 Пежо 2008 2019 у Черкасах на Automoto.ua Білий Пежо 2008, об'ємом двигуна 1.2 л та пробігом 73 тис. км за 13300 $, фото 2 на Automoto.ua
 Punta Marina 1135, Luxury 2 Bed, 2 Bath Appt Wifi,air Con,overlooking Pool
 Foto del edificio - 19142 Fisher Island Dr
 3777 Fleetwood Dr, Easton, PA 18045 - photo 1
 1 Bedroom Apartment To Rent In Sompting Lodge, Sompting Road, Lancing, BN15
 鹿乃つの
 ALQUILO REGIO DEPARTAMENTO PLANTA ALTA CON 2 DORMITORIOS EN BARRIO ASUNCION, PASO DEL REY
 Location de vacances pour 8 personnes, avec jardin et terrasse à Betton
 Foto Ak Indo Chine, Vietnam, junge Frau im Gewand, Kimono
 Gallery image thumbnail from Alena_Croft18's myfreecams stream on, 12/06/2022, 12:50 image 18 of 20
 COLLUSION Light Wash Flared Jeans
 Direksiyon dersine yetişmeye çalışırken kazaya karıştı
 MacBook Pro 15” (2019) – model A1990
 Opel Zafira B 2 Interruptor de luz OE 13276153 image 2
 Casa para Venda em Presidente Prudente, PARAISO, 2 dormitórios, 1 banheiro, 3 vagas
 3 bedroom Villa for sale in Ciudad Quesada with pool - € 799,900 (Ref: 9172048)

========================================================================

▸ **TASK INSTRUCTIONS**:
Everything from the line with "Location de vacances" to the end of the listing above is to be set down exactly, both ends included.

▸ **SOLUTION TO THE EXERCISE**:
 Location de vacances pour 8 personnes, avec jardin et terrasse à Betton
 Foto Ak Indo Chine, Vietnam, junge Frau im Gewand, Kimono
 Gallery image thumbnail from Alena_Croft18's myfreecams stream on, 12/06/2022, 12:50 image 18 of 20
 COLLUSION Light Wash Flared Jeans
 Direksiyon dersine yetişmeye çalışırken kazaya karıştı
 MacBook Pro 15” (2019) – model A1990
 Opel Zafira B 2 Interruptor de luz OE 13276153 image 2
 Casa para Venda em Presidente Prudente, PARAISO, 2 dormitórios, 1 banheiro, 3 vagas
 3 bedroom Villa for sale in Ciudad Quesada with pool - € 799,900 (Ref: 9172048)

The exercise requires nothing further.